Exercise materials:
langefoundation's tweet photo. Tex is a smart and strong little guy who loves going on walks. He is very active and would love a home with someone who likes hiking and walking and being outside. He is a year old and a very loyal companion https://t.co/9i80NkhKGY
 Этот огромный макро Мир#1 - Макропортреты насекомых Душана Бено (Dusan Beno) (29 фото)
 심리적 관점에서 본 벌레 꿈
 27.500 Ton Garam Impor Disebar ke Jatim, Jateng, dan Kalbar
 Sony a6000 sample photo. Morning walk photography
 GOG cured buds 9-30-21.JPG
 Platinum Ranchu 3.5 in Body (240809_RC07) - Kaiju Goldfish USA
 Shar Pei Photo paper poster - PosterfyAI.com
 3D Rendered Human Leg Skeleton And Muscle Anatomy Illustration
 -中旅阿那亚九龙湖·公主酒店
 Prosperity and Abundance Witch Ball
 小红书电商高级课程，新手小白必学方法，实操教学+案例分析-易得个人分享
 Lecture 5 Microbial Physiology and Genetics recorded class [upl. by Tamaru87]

Directions for this task:
Take the lines above from the one holding "GOG cured buds 9-30-21.JPG" to the last and output them exactly.

Task answer:
 GOG cured buds 9-30-21.JPG
 Platinum Ranchu 3.5 in Body (240809_RC07) - Kaiju Goldfish USA
 Shar Pei Photo paper poster - PosterfyAI.com
 3D Rendered Human Leg Skeleton And Muscle Anatomy Illustration
 -中旅阿那亚九龙湖·公主酒店
 Prosperity and Abundance Witch Ball
 小红书电商高级课程，新手小白必学方法，实操教学+案例分析-易得个人分享
 Lecture 5 Microbial Physiology and Genetics recorded class [upl. by Tamaru87]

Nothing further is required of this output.